Industry is looking hard at the new solutions, says Ramon T Llamas, research manager for wearables and mobile phones at International Data Corporation in Massachusetts. He says that initially such devices will provide a robust means for workers and employers to share urgent safety information.
He cites the example of SmartCap Technologies of Australia, which produces a “fatigue monitoring solution” to detect “microsleeps” in truck drivers and other operators of heavy machinery. The technology “monitors brain waves to make sure you aren’t falling asleep at the wheel and that your mental acuity is good enough that you’ll stay awake,” says Mr Llamas.
Golnar Pooya, managing director for IoT strategy at Accenture in San Francisco, is upbeat about worker safety being improved by IoT wearables. She sees the biggest demand in the mining, oil and gas, construction and transport sectors (particularly fleet management and aerospace) and some in manufacturing and plant operations.
Ms Pooya says hybrid solutions are measuring worker biometrics/stress, broadcasting safety-related data to employees from IoT devices, and warning workers about hazards. This in turn lowers insurance cost and corporate liability, as well as reducing numbers of accidents, “which is what grabs the attention of companies and helps justify the investment at the onset”, she says.
Mr Llamas says the mining industry is especially interested in what could be achieved by connecting information about air quality (from IoT devices) and miners’ health (from wearable devices) to reduce risks and costs — and alert companies to potential trouble, for instance, if a miner suddenly dropped 30ft. He concedes, though, that it is early days and that, to date, many offerings were little more than “a personal panic button”.

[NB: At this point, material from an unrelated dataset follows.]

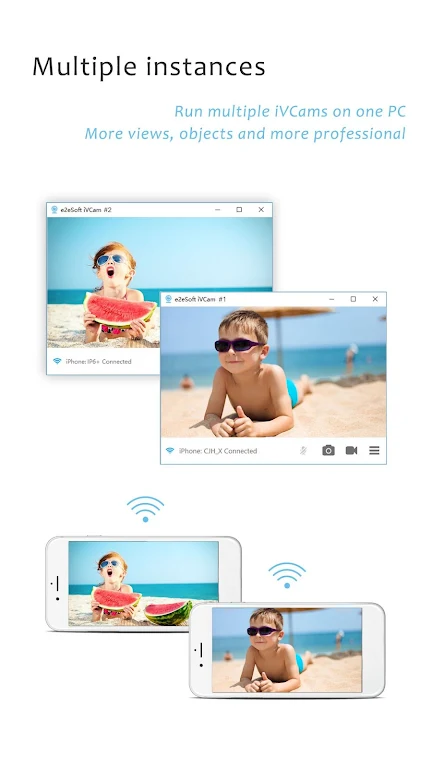 Download Ivcam Webcam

“That’s the state of affairs right now,” says Mr Llamas. “You will see notifications about some kind of event happening but we are not at the point where a wearable will detect something and allow something else to happen as a result.”

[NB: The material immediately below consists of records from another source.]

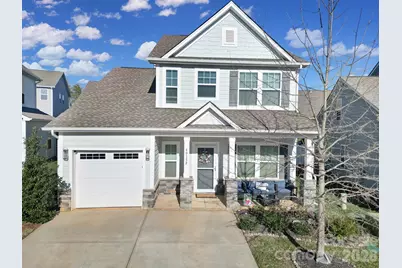40158 Crooked Stick Drive, Lancaster, SC 29720 - Photo 1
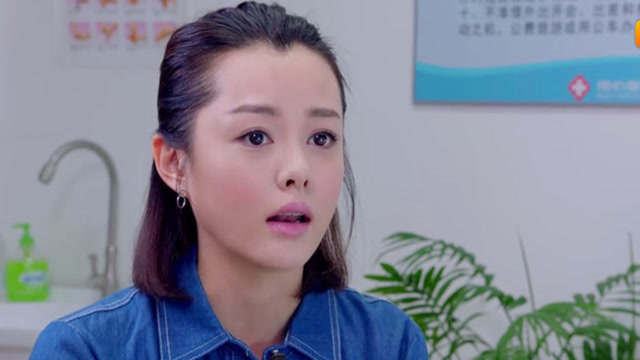 幸福有配方:沈湘约柴海清看电影被拒绝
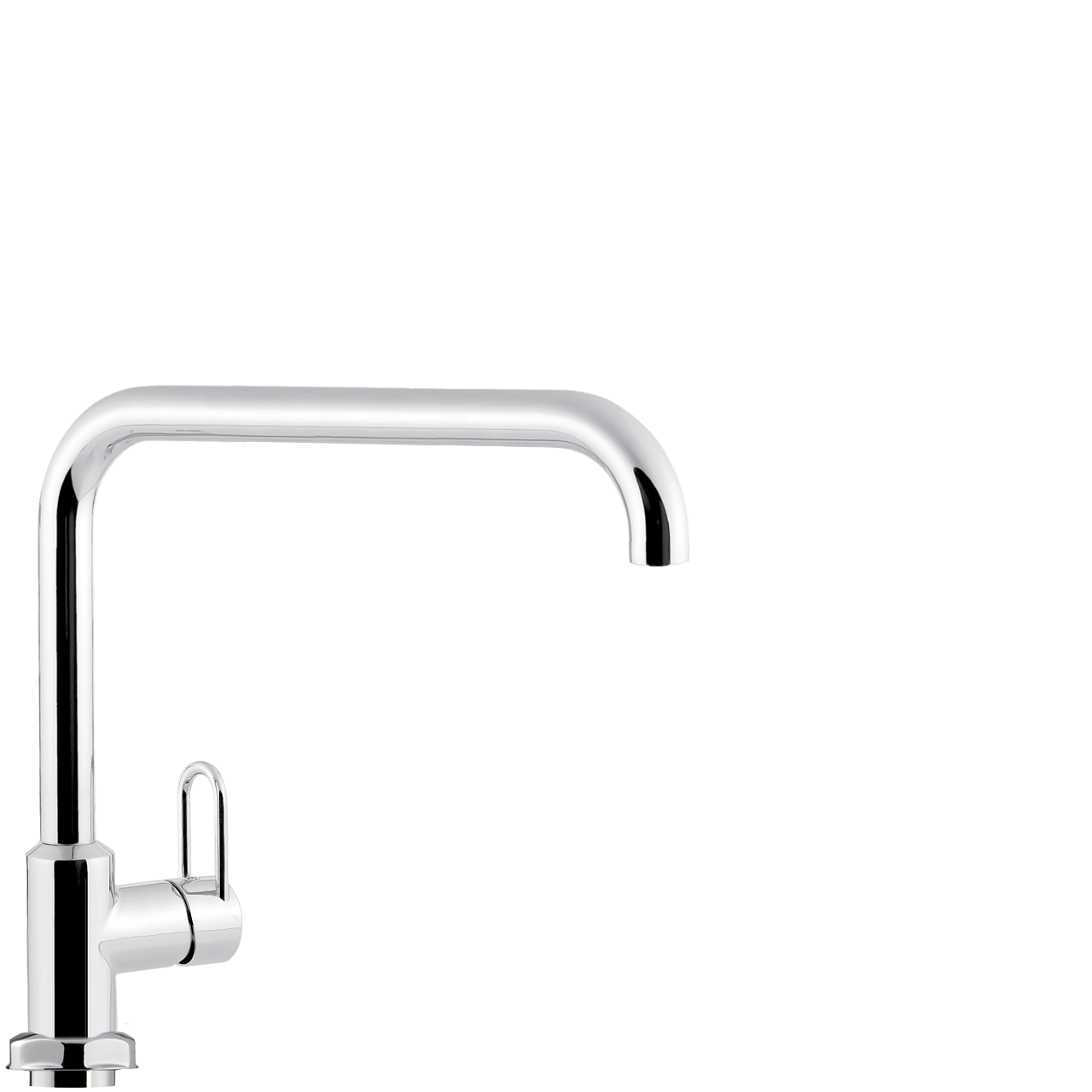 Lohberger Einlochbatterie 3/4"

What would an IoT-connected wearable safety solution look like?
A single common implementation for industrial use has yet to appear and this has created unique opportunities for researchers.
A team at Massachusetts Institute of Technology (MIT) produced a prototype aimed at improving the safety of energy workers, which included a connected “safety jacket” and shoes.
In a paper in June, MIT researchers Guillermo Bernal, Sara Colombo, Mohammed Al Ai Baky and Federico Casalegno dubbed their system Safety++.
One of the MIT innovations is connected safety shoes with weight sensors in the soles. These vibrate if a worker lifts “a load . . . above the recommended weight” and continues until the sensor reads normal again.
How safe is my workforce?
Vandrico Solutions, a wearable/IoT company in Vancouver, Canada, has a “connected worker” system that monitors data such as individual miners’ exposure to CO2 or sulphur dioxide: the aim is to ensure they stay within safe exposure limits.
The company has also developed a “smart tagboard” to apply digital technology to knowing who is “tagged in” underground at any time, and ensuring no one is left underground in an emergency.
Vandrico has been working with the Deloitte consultancy and Cortex Designs of Toronto on a solution it calls “the connected mine”. This features a “smart helmet” that allows companies to see miners’ exact locations — and to send help in an emergency.